REQUIRED WORK:
Copy out the data line by line exactly, from its start to the line bearing "And this is", inclusive.

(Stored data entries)
□ □ □ □

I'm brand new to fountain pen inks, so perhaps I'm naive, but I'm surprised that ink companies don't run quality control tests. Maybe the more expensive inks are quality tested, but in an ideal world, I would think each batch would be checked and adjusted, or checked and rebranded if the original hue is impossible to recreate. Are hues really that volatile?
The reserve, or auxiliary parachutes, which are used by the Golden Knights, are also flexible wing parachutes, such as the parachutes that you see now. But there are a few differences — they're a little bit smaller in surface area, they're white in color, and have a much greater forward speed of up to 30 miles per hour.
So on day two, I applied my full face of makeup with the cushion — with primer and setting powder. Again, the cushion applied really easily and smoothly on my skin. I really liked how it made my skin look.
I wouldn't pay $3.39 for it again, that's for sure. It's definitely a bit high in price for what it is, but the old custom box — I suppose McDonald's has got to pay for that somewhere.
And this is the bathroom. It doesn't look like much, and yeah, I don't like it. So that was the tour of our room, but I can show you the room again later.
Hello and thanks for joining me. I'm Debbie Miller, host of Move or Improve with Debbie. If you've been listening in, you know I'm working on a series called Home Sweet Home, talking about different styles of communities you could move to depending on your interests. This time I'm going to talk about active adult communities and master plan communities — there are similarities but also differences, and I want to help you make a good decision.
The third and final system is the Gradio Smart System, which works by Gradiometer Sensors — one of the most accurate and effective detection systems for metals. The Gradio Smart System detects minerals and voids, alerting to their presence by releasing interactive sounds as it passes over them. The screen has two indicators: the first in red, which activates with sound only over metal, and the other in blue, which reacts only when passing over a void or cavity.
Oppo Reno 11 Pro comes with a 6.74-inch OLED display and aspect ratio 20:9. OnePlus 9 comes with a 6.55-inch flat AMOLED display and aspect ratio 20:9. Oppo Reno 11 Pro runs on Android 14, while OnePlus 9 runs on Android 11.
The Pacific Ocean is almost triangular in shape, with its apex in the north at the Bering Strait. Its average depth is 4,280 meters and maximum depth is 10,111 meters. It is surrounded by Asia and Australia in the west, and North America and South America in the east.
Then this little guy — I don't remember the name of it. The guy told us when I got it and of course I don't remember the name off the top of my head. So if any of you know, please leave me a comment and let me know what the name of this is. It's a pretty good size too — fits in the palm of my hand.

□ □ □ □

TASK OUTPUT:
I'm brand new to fountain pen inks, so perhaps I'm naive, but I'm surprised that ink companies don't run quality control tests. Maybe the more expensive inks are quality tested, but in an ideal world, I would think each batch would be checked and adjusted, or checked and rebranded if the original hue is impossible to recreate. Are hues really that volatile?
The reserve, or auxiliary parachutes, which are used by the Golden Knights, are also flexible wing parachutes, such as the parachutes that you see now. But there are a few differences — they're a little bit smaller in surface area, they're white in color, and have a much greater forward speed of up to 30 miles per hour.
So on day two, I applied my full face of makeup with the cushion — with primer and setting powder. Again, the cushion applied really easily and smoothly on my skin. I really liked how it made my skin look.
I wouldn't pay $3.39 for it again, that's for sure. It's definitely a bit high in price for what it is, but the old custom box — I suppose McDonald's has got to pay for that somewhere.
And this is the bathroom. It doesn't look like much, and yeah, I don't like it. So that was the tour of our room, but I can show you the room again later.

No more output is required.